Хлопцев было трое, младший – богатырь телом и ребенок сердцем.

Большой, старый – глиняный, казалось, – череп, похожий сразу и на бабочку и на кувшин, с каким-то усталым, изнемогшим выражением и прямо к небу поднятыми глазами, где застыли мольбы и просьбы, неизвестно к кому обращенные, и старушечьими зубами желудевого цвета, лежал сбоку на столе, указывая, что живопись здесь процветала; здесь был приют живописи.

И вдруг, переведу глаза на старшую сестру с ее роскошными, темно-глинистыми, падавшими кругом стана волосами, стало ясно, что она сегодня Магдалина с черепом в лесной пещере и что какая-то нить связывает их. Во всяком случае, таково было задание сегодняшней очередной постановки. Белое парусиновое платье, темные роскошные волосы, с дикой негой и простотой падавшие волнисто вниз, гладкой волной на грудь, и бесконечно-нежные, стыдливо-голубые глаза, любовно устремленные на гостя, любовно сложенные губы молодой женщины сочно-красного цвета.

Знаете ли, что́ значит спичка в глухой заброшенной усадьбе в плодовом саду? Это бог и царь сельских вечеров. Тысячи лиц, сменяя веснами друг друга, со страниц книг переходили на суточный постой на лицо одной из сестер.
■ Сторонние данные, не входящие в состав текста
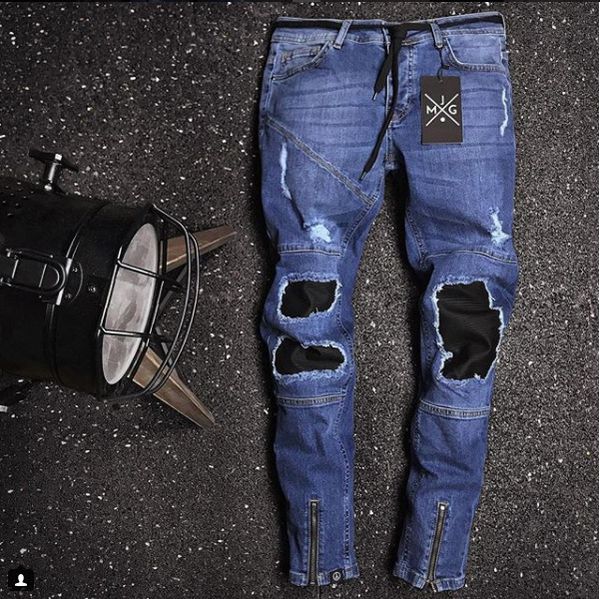

mens fashion denim blue jeans patched designer male rapper skateboard biker pencil jeans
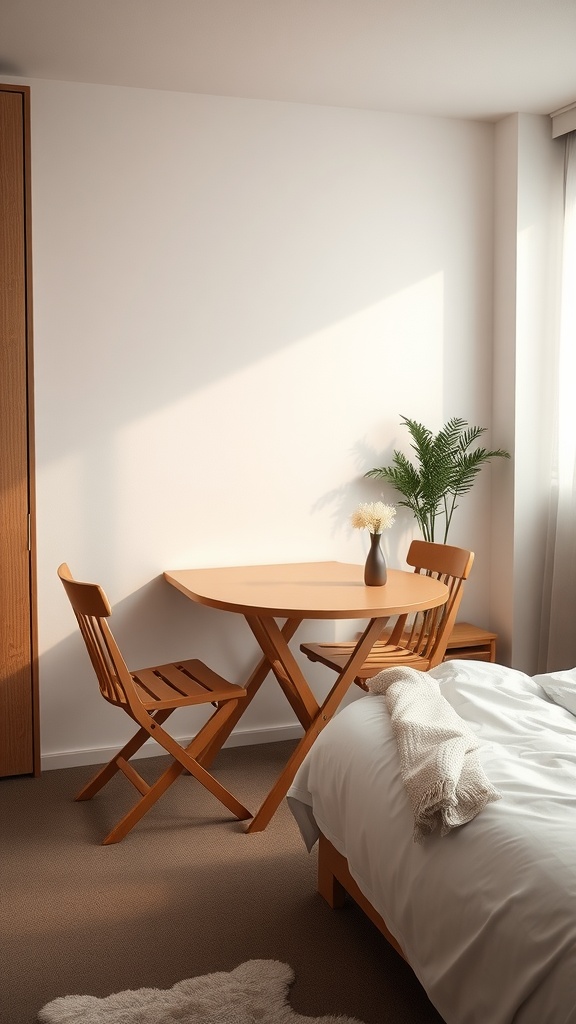 A small bedroom featuring a foldable table and chairs, showcasing efficient use of space.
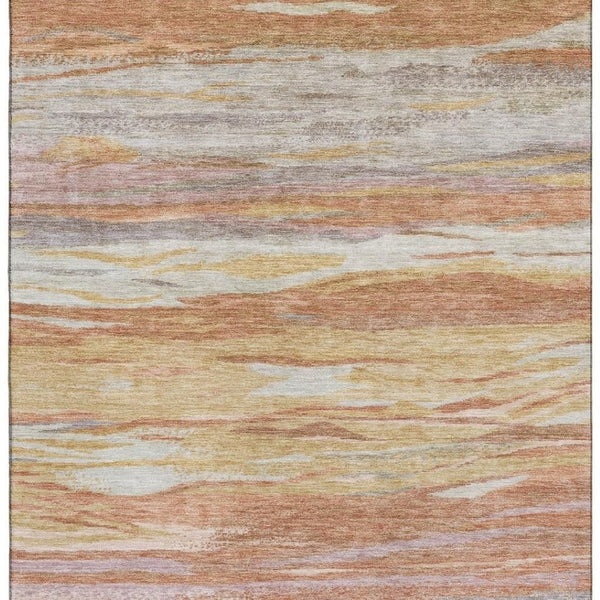 HomeRoots 8' Salmon Gold and Gray Abstract Round Rug - Washable, UV Protected, Stain Resistant for Busy Homes 708532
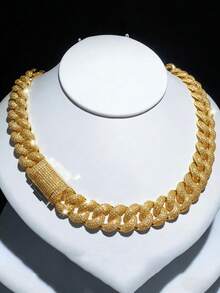 1pc European And American Fashion 15MM Thick Chain Bubble Chain Cuban Chain Necklace Hiphop Street Personalized Hip Hop Jewelry, Send Boyfriend Gift (Suggest You Size Up) - 金色 - 查看 7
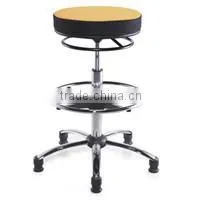 2015 Leather Red Kitchen Bar Chairs with Round Seat and Footrest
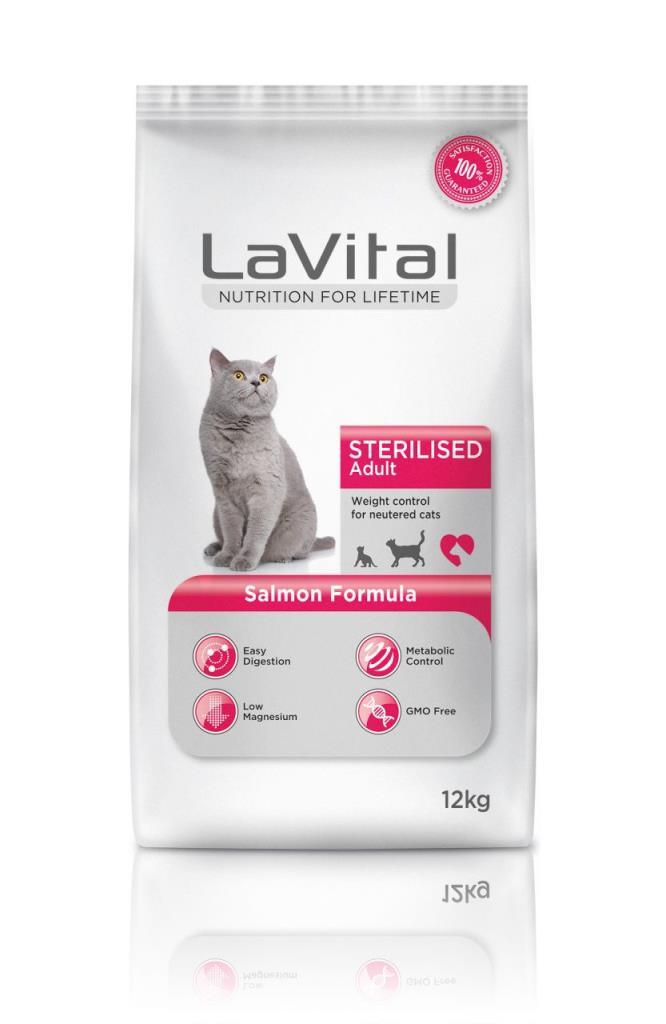 La Vital Somonlu Kısırlaştırılmış Kedi Maması 12Kg Skt:01/27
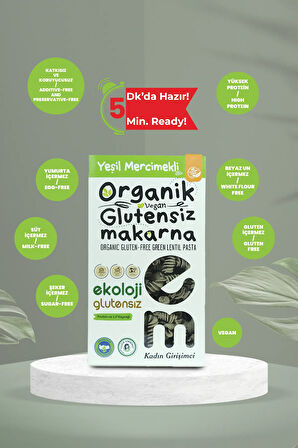 E.M. Organik Glutensiz Makarna Yeşil Mercimek Burgu 200 Gr / 6 Adet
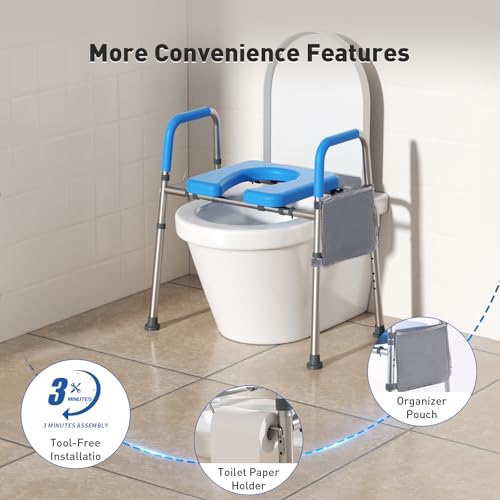 Cozy Padded Raised Toilet Seat with Handles, Adjustable Width, Blue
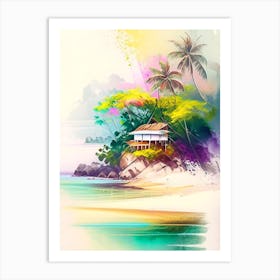 Ilha Do Mel Brazil Watercolour Pastel Tropical Destination Art Print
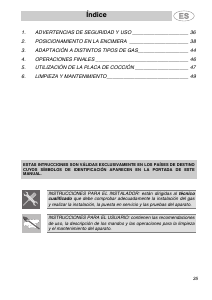 Manual de uso Smeg PGF95F-4 Placa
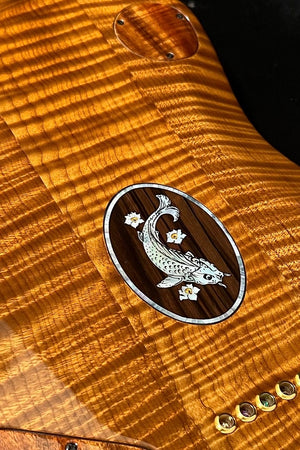 SOLD 2023 Asher Electro Sonic II Carve Flame Koa Top, Roasted Flame Maple Neck and Body with Beautiful Koi Inlay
Сестры, как трудолюбивые пчелы, работают и помогают друг другу. Звонкий хохот, прыскающий смех, убегающие ноги, чтоб спастись от смеха, порой прерывают их труд. Тысячи разнообразных милых глазок, как цветы, как однодневные бабочки, появляются и исчезают на лице. Лицо делается лугом лиц, где на почве одни цветы сменяют другие и одни души – другие. Сколько сумасшествий от однообразия сельской жизни спасены тобой, закопченная спичка! Как место в поезде занимается то одним, то другим человеком, так живая человеческая голова становится гостиницей путешествующих лиц.

Тихий самодовольный хохот собравшихся был прерван голосом старшей сестры:

– А ну-ка, иди-ка сюда! Да иди, не кривляйся, родимый, а ну, наклони сюда головушку. Крепче! Не кобенься! Положи сюда! Вот так!
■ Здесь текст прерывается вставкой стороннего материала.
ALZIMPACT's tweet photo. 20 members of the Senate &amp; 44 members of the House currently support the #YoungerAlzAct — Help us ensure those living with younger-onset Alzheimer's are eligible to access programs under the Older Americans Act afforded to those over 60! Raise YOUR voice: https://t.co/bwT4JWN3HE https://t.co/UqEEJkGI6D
Она положила голову на колени и, придерживая ее одной рукою, долго, дрожа красными торжествующими губами, ласкала и гладила ее другой рукой, как ласкают и успокаивают на коленях ленивую жирную кошку. Потом вдруг диким движением хищной птицы, вдруг проснувшейся ночью совы, схватила череп и положила ему на голову.
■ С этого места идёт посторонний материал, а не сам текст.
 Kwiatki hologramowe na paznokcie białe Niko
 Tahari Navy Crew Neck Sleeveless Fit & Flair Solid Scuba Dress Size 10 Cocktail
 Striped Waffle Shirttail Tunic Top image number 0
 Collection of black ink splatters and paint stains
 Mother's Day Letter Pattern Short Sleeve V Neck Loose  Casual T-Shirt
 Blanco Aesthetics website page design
– Хо-хо-хо! – захохотал гость. – Хо-хо-хо! – повторил он, схватываясь за живот, вскочил с места и, наклонив голову и засунув ее в высокий воротник красно-желтого радужного жупана, в дикой пляске, сделавшись огромно высоким, громадными шагами понесся по крыльцу, выкидывая дикие коленца. Это было страшно. Мне показалось – сама Смерть, темнея громадными глазами, носится по крыльцу и делает слепые прыжки, и, казалось, удивленная тем, что с ней происходит, делала громадные шаги, становясь похожей на летучую мышь днем. Он грузно опустился на скамью.